E-mail offensive ai superiori. Legittimo il licenziamento

Sussiste il presupposto di licenziamento qualora il dipendente invii e-mail offensive ai dirigenti della propria azienda

Autore: Redazione Fiscal Focus
Premessa – É legittimo licenziare il lavoratore che inoltra intenzionalmente delle e-mail a contenuto diffamatorio ai dirigenti della propria azienda. Lo ha deciso la Corte di Cassazione con sentenza 7 settembre 2012, n. 14995.

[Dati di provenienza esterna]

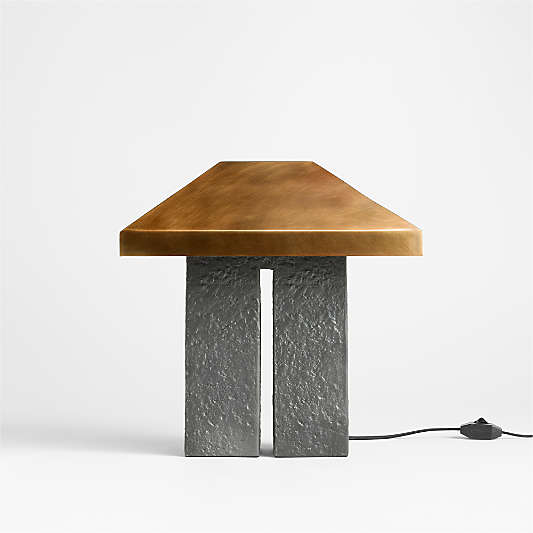 Brutalist Metal Table Lamp with Metal Shade 18.5"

La vicenda – La vicenda riguarda un lavoratore che era stato demansionato ed emarginato nel contesto lavorativo in cui operava, cosa che aveva provocato la sua reazione, manifestatasi attraverso l'invio di una missiva per posta elettronica ai propri superiori il cui contenuto era stato indicato come motivo del suo licenziamento. Adducendo l’illegittimità del licenziamento per giusta causa, il lavoratore ricorrere innanzi al Tribunale chiedendo oltre alla reintegra nel posto di lavoro anche il pagamento delle retribuzioni per il periodo in cui non ha potuto prestare la propria attività lavorativa.

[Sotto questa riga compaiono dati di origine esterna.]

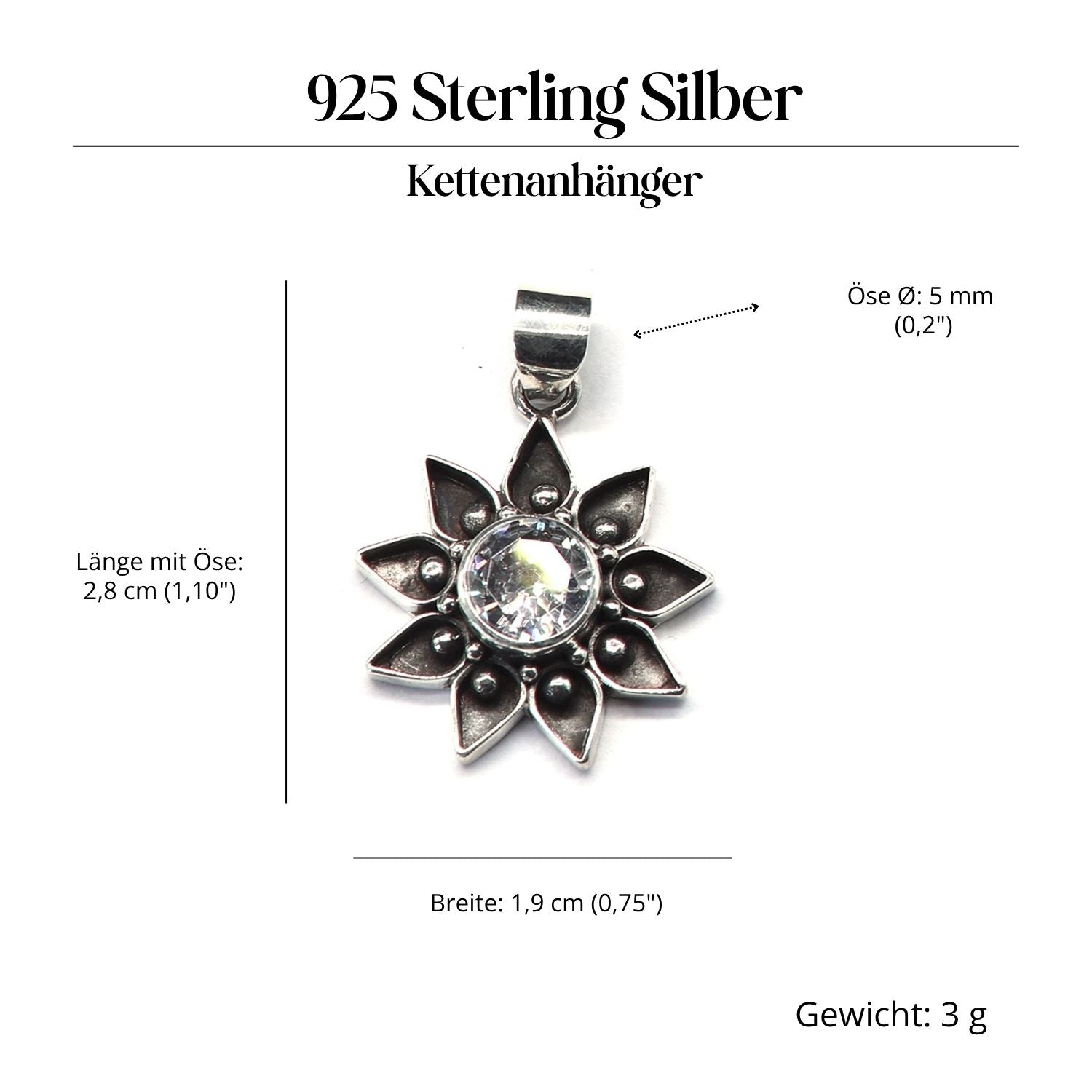 Zirkonia glasklar Anhänger Silber Kettenanhänger Edelstein zeitlos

La sentenza - La Corte d’Appello, però, ha rigettato la domanda, precisando che il licenziamento può ritenersi giustificato in ragione del contenuto offensivo delle frasi trasmesse per posta elettronica e dalla volontà stessa del lavoratore di trasmetterle. Inoltre, secondo i giudici d’Appello, non emergeva alcun intento persecutorio della società, ma il demansionamento appariva ascrivibile a una condotta dell'azienda che, seppur censurabile, era dovuta più a una difettosa organizzazione aziendale. Pertanto, si escludeva la sussistenza del "mobbing" e di conseguenza si dichiarava il comportamento del lavoratore inescusabile. La Corte d'Appello, tra l’altro, aveva evidenziato il contenuto offensivo del messaggio e la sua diffusione tra più persone che non erano solo i diretti destinatari, fatto che aveva giustificato la sanzione espulsiva come proporzionata alla gravità delle espressioni usate che travalicavano certamente il diritto di cronaca e che erano teoricamente riconducibili a fattispecie penali, quali l'ingiuria e la diffamazione. La Suprema Corte, dunque, non poteva fare altro che confermare i giudizi di I° e II° grado, dichiarando legittimo il licenziamento del lavoratore demansionato in ragione dei contenuti diffamatori inviati tramite mail al suo superiore, laddove questi è capace di intendere e volere e si rende, quindi, conto della gravità delle sue accuse.